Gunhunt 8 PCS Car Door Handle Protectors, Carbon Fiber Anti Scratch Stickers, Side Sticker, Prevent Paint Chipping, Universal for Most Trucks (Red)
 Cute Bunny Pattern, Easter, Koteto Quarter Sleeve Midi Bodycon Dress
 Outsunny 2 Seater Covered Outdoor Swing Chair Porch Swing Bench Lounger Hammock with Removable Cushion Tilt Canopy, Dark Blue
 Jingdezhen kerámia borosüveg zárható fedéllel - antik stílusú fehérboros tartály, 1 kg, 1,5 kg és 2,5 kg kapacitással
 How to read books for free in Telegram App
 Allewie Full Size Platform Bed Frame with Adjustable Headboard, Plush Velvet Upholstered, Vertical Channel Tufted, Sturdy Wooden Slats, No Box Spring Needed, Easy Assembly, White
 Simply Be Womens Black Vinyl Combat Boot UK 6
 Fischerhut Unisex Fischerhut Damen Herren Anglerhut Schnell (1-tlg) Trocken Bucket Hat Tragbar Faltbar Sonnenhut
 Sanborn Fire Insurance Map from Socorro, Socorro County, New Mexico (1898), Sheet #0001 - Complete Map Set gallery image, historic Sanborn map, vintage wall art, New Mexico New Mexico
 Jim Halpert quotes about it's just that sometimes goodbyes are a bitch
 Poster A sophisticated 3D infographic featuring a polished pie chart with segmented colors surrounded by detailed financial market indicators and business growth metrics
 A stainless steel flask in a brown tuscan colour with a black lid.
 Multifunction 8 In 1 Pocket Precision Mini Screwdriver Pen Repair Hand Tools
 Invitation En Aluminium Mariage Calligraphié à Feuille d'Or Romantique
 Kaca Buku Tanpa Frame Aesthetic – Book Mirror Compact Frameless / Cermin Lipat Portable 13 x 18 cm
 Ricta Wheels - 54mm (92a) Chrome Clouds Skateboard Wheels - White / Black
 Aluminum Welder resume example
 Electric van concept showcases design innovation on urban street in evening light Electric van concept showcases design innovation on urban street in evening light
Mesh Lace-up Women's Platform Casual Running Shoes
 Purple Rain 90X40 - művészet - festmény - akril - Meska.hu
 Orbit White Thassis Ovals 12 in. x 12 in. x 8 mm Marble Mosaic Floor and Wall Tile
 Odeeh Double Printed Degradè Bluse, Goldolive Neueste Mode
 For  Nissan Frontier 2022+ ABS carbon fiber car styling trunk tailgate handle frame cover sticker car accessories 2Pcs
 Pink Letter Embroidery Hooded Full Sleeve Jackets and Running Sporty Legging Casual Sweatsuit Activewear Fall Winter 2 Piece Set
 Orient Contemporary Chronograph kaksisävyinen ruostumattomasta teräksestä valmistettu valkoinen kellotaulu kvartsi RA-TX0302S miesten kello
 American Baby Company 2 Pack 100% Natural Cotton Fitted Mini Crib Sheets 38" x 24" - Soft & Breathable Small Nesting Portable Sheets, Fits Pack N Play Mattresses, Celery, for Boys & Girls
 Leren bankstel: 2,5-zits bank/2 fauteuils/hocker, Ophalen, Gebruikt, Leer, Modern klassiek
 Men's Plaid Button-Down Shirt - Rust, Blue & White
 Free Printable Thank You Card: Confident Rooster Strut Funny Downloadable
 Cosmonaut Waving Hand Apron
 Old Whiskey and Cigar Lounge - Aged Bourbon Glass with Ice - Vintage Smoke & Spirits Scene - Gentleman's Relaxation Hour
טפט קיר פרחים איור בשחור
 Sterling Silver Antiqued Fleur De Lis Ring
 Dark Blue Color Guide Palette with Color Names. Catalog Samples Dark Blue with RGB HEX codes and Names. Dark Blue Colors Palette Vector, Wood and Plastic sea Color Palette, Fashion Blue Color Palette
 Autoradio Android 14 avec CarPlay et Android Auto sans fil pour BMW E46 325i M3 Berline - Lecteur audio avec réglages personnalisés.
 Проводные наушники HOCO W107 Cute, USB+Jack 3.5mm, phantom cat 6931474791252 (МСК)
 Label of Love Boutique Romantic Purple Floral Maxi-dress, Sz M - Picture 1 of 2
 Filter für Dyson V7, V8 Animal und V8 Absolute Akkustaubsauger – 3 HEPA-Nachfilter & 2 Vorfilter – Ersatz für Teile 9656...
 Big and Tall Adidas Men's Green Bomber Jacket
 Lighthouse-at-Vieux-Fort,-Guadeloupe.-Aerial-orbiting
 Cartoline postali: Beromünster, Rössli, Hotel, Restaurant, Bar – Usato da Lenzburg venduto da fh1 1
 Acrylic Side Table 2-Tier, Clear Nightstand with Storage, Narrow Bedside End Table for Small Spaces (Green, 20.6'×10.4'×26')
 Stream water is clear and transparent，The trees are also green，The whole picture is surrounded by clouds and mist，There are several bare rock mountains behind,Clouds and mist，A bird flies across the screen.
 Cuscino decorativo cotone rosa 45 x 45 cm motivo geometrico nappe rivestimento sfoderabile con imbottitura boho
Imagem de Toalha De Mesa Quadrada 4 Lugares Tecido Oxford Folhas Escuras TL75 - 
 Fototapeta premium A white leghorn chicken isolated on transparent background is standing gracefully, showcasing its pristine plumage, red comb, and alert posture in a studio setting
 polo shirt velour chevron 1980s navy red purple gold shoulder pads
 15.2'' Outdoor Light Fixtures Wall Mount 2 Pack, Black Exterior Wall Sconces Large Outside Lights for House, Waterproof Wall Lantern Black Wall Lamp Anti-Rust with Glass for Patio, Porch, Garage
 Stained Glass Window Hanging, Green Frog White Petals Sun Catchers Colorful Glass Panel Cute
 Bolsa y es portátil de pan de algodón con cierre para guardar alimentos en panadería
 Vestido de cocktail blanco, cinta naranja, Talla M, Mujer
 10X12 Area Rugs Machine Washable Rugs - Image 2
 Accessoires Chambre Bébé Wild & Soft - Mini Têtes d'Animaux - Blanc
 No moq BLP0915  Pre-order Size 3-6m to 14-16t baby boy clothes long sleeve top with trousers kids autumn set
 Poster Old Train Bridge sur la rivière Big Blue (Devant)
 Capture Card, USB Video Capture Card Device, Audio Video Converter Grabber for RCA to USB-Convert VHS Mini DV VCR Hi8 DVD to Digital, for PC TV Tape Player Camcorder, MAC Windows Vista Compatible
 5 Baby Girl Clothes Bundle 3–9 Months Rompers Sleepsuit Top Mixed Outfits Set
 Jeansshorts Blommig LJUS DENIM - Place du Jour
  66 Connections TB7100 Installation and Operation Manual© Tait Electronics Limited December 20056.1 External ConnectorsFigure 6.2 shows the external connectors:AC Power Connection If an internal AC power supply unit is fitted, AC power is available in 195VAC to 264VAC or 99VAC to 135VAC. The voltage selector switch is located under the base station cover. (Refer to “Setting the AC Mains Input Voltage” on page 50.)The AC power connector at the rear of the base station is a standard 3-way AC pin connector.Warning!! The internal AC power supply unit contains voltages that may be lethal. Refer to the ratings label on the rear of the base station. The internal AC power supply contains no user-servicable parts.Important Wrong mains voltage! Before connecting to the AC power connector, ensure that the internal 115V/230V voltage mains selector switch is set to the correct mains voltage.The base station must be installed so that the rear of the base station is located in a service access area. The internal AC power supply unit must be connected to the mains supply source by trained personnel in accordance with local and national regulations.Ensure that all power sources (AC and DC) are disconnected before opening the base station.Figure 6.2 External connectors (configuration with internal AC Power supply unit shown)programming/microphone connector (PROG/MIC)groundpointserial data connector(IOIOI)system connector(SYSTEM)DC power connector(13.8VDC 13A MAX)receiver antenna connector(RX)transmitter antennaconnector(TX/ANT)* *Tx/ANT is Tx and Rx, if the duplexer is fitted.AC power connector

※

## Goal of the exercise
Above are the entries. Quote exactly the lines from the one bearing "10X12 Area Rugs" through the one bearing "Capture Card, USB".

## Output for this task
 10X12 Area Rugs Machine Washable Rugs - Image 2
 Accessoires Chambre Bébé Wild & Soft - Mini Têtes d'Animaux - Blanc
 No moq BLP0915  Pre-order Size 3-6m to 14-16t baby boy clothes long sleeve top with trousers kids autumn set
 Poster Old Train Bridge sur la rivière Big Blue (Devant)
 Capture Card, USB Video Capture Card Device, Audio Video Converter Grabber for RCA to USB-Convert VHS Mini DV VCR Hi8 DVD to Digital, for PC TV Tape Player Camcorder, MAC Windows Vista Compatible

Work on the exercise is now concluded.